I'm sure it will be like anything else with a rechargeable battery, after regular use and recharging the battery, they never seem to last as long when it was new.

Why don't they put some type of alternator on it?


----------



## bvibert (Jul 26, 2011)

Glenn said:


> Right now, it's pretty economical to charge an EV at home. But I wonder what will happen as these become more popular. So now you have millions of cars charging at the same time. Will these stress the grid? Will "off peak" rates suddenly become "peak"? I just picture a similar situation  to what happens on hot days...when everyone is cranking the A/C/



I was wondering the same thing.  It's fine now that there's very few out there, but I worry about what will happen to electricity rates and production ability if they really catch on.


----------



## bvibert (Jul 26, 2011)

o3jeff said:


> Why don't they put some type of alternator on it?



You mean like a perpetual motion machine?  It would take more energy for the drive motor to spin the alternator than you'd get back out of it.

Regenerative brakes could certainly help charge the batteries though.  I'd imagine that's already being used though??


----------



## o3jeff (Jul 26, 2011)

bvibert said:


> You mean like a perpetual motion machine?  It would take more energy for the drive motor to spin the alternator than you'd get back out of it.
> 
> Regenerative brakes could certainly help charge the batteries though.  I'd imagine that's already being used though??



I was thinking that too.....:idea:


----------



## Nick (Jul 26, 2011)

Glenn said:


> Given the limited range of the Leaf, and the lack of charging stations, it's more of a third car you use for short jaunts. At that point, you could get yourself a pretty nice used third car that would be more fun to drive.
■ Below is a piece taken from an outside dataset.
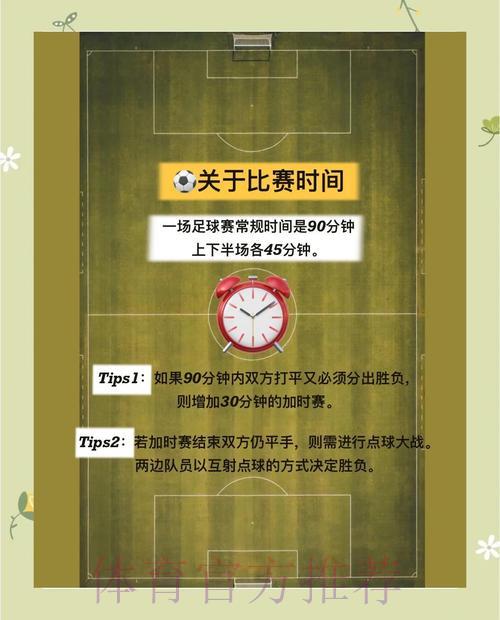世界杯竞猜全攻略:新手入门到高手进阶技巧详解 世界杯竞猜全攻略:新手入门到高手进阶技巧详解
I can't see anyone outside of an urban area using this as their primarly vehicle.
> 
> I like the concept of electric cars, I just think they have a long way to go. Buy hey, you have to start somewhere. The biggest hurdle is range. The Leaf claims 100 miles, but that's probably under ideal conditions. Throw in some hills, cold weather, A/C-heat and that range drops quite a bit.
> 
> ...



Some good points Glenn. 

The other thing I saw earlier bout the EPA 75 mpg. Does that mean equivalency? So if a gallon costs $3.75 it means for $3.75 worth of electricity you could ride 75 miles? That's only incrementally better in that case. 

Anyways, It was just an idea I was tossing around, what you guys are saying makes sense. I'm excited to see where this goes though in the next few years. It would be cool to have a fully electric vehicle, especially if it could save on maintenance down the road (no pun intended).


----------



## Glenn (Jul 26, 2011)

I personally think it'll be awhile before everyone is driving electric cars. Our current infrastucture is setup for gasoline/diesel. Setting up charging stations probably isn't that hard, but the back end support "the grid" is what will need some work. Plus all that other stuff I mentioned. All in time I'm sure. 
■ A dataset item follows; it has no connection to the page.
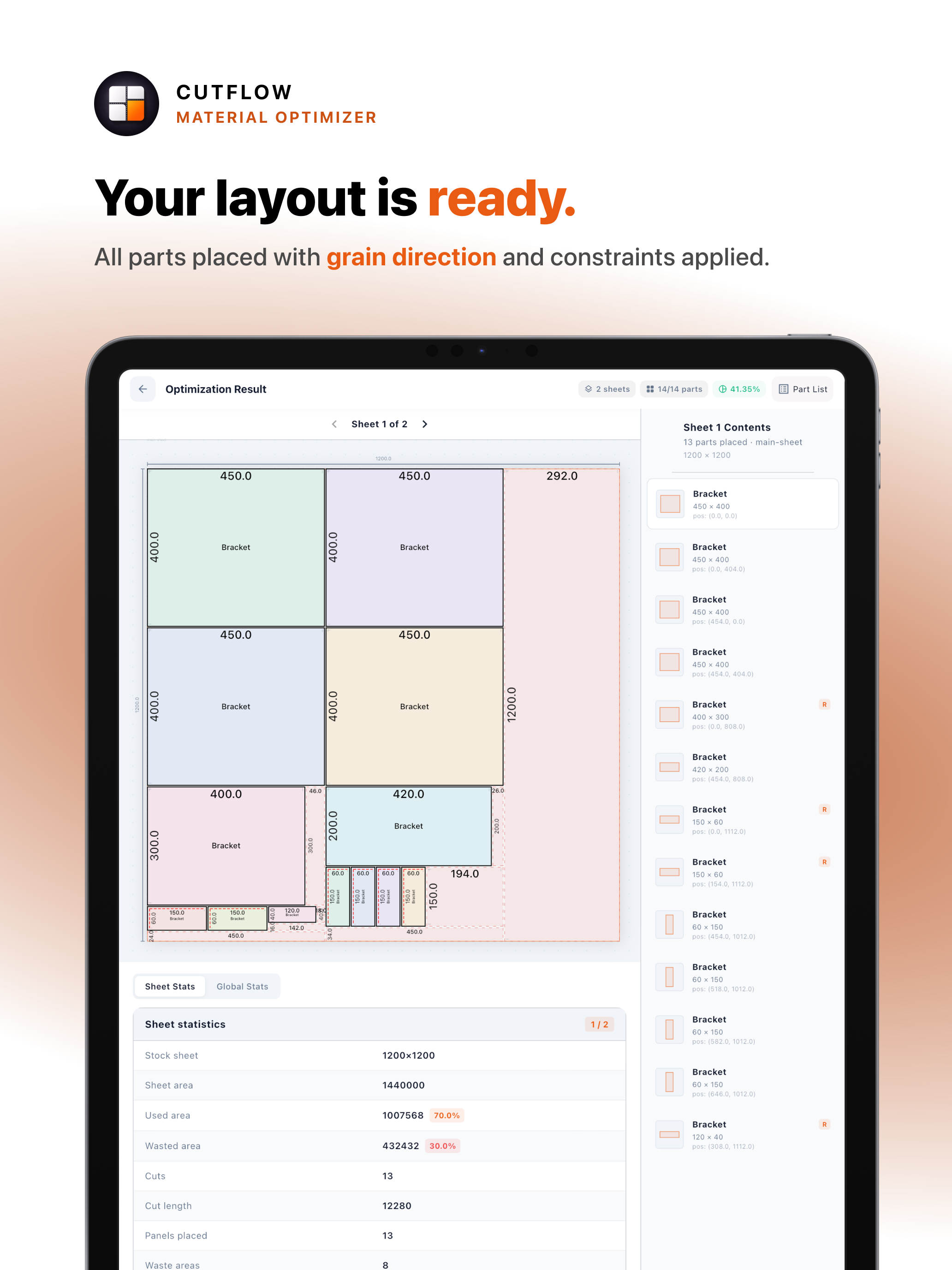 CutFlow: Cut List Optimizer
Another thing to consider. When you buy gasoline, you pay taxes on it. That's (supposed) to pay for road improvements. How will that be handled if charging? 

I think the gasoline engine has a lot of shelf life left in it. We're seeing straight, non hybrid gasoline cars that get 40mpg right now. It's amazing what they've done with direct injection and turbo charging over the past few years.


----------



## drjeff (Jul 26, 2011)

Glenn said:


> I personally think it'll be awhile before everyone is driving electric cars. Our current infrastucture is setup for gasoline/diesel. Setting up charging stations probably isn't that hard, but the back end support "the grid" is what will need some work. Plus all that other stuff I mentioned. All in time I'm sure.
> 
> Another thing to consider. When you buy gasoline, you pay taxes on it. That's (supposed) to pay for road improvements. How will that be handled if charging?
> 
> I think the gasoline engine has a lot of shelf life left in it. We're seeing straight, non hybrid gasoline cars that get 40mpg right now. It's amazing what they've done with direct injection and turbo charging over the past few years.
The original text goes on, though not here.